La parolina magica, come sempre, è “semplificazione”. Questa volta è stata usata per far passare per una novità positiva l’unificazione, con la manovra, dell’Imu e della Tasi. Dal 2020 – è stato il messaggio – anziché due imposte sugli immobili ce ne sarà solo una. Evviva. In realtà, di buone notizie per i proprietari italiani non ce ne sono. La patrimoniale sul mattone ha cambiato nome ma continuerà a pesare come prima, se non di più: 22 miliardi di euro l’anno. Dal 2012 – primo anno dopo la manovra Monti – i miliardi sono addirittura 183, con buona pace di chi farnetica della mancanza di una tassazione patrimoniale nel nostro Paese.
A parlar chiaro, del resto, è stato lo stesso Servizio Studi del Senato: “Viene prevista – si legge in uno dei dossier di approfondimento della legge di bilancio – una sola forma di prelievo patrimoniale immobiliare che ricalca, in gran parte, la disciplina Imu e, dunque, riprende l’assetto anteriore alla legge di stabilità 2014”. La benedizione dell’Imu-Monti, insomma. Con l’aggiunta di alcuni peggioramenti. Vediamo quali.
1.È stata aumentata dal 4 al 5 per mille l’aliquota “di base” per l’abitazione principale e dal 7,6 all’8,6 per mille quella per gli altri immobili.
2.Viene consentito ad alcuni Comuni (fra i quali Roma e Milano), senza alcuna giustificazione e con dubbia legittimità costituzionale, di raggiungere un’aliquota massima più alta rispetto a tutti gli altri: 11,4 per mille anziché 10,6.
3.Con l’eliminazione della Tasi è stato soppresso l’obbligo per i Comuni di individuare i “servizi indivisibili” e di indicare analiticamente, per ciascuno di essi, “i relativi costi alla cui copertura il tributo è diretto”. In sostanza, l’unica parvenza di service tax, da tutti a parole invocata, è stata eliminata anziché essere rafforzata. Era un modo, sia pur timido, per consentire ai cittadini di controllare un po’ i loro amministratori. Via anche questo.

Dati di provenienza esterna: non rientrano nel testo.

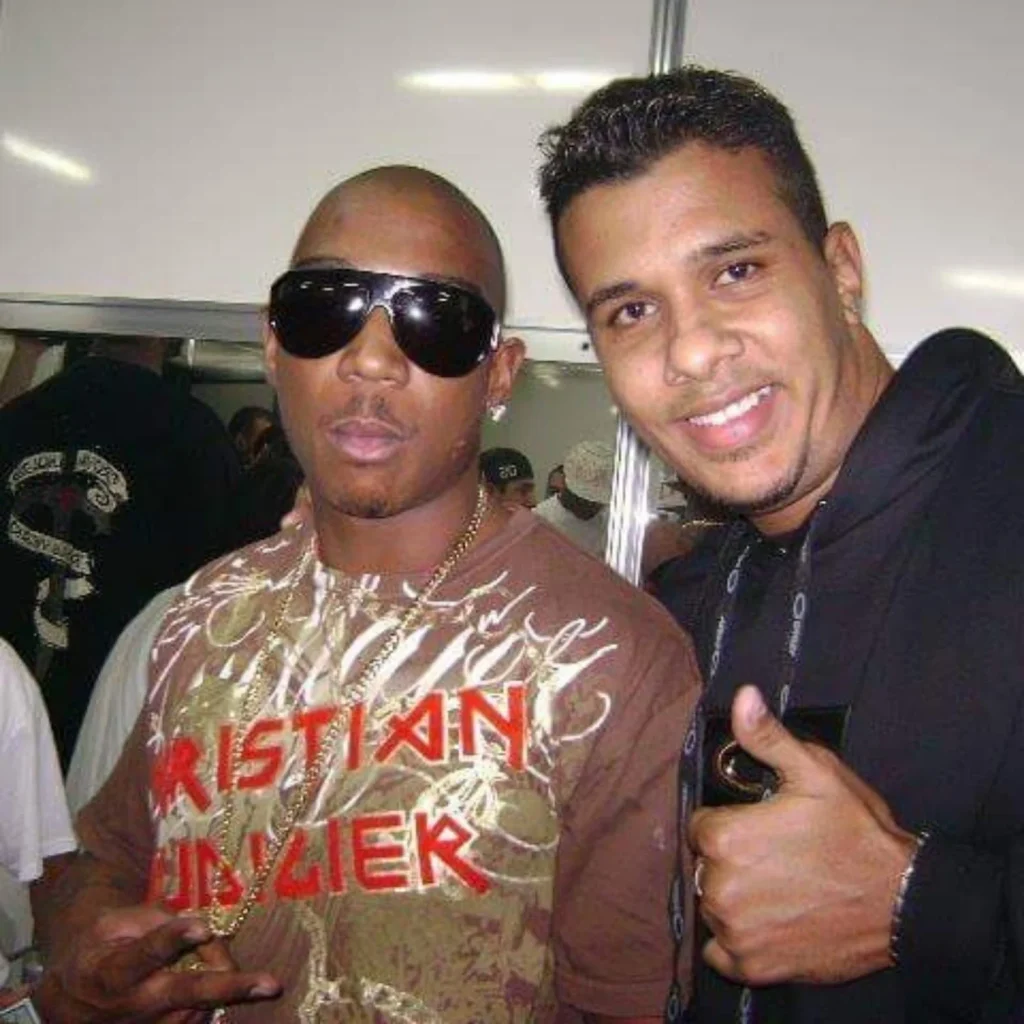 Ja Rule wearing sunglasses and Christian Audigier shirt backstage during Murder Inc. era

4.Con la soppressione della Tasi viene scaricato sui proprietari l’intero importo del tributo, prima invece in parte a carico degli occupanti degli immobili, se non utilizzati come abitazione principale. Anche in questo caso, una misura che andava potenziata, per rendere più credibile il concetto di tassa sui servizi, è stata cancellata.
5.Sono state mantenute imposizioni vessatorie come quelle sugli immobili inagibili e su quelli non utilizzati e privi di mercato per assenza di inquilini o acquirenti. Confedilizia aveva proposto di escludere dalla tassazione, almeno, le case non allacciate ai servizi pubblici o quelle che si trovano in Comuni con una popolazione inferiore a due/tremila abitanti (nelle aree interne la patrimoniale si fa sentire in modo devastante). Nulla di fatto.

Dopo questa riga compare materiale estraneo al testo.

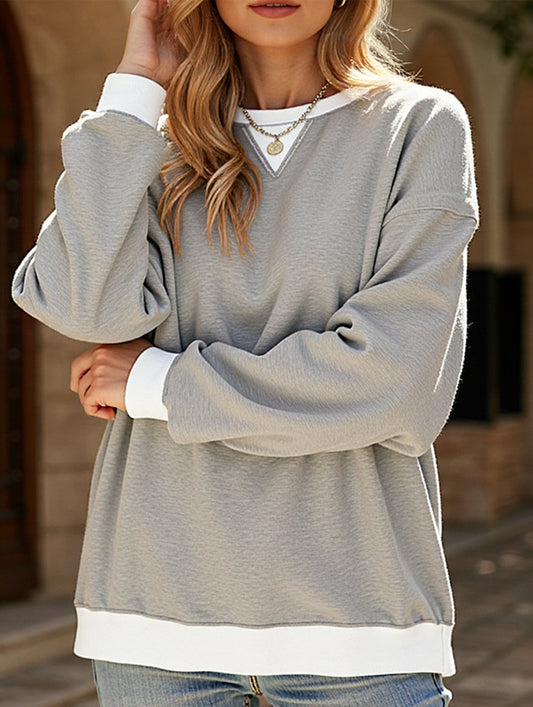 Contrast color splicing round neck sweater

Insomma, anche questa manovra è stata un’occasione persa per iniziare a invertire una rotta – quella dell’ipertassazione patrimoniale sugli immobili – che sta continuando a devastare il settore e a procurare mille altri “effetti collaterali”: erosione dei risparmi, compressione dei consumi, chiusura di imprese, perdita di posti di lavoro, riduzione delle garanzie bancarie. Quando apriranno gli occhi coloro che potrebbero fare qualcosa?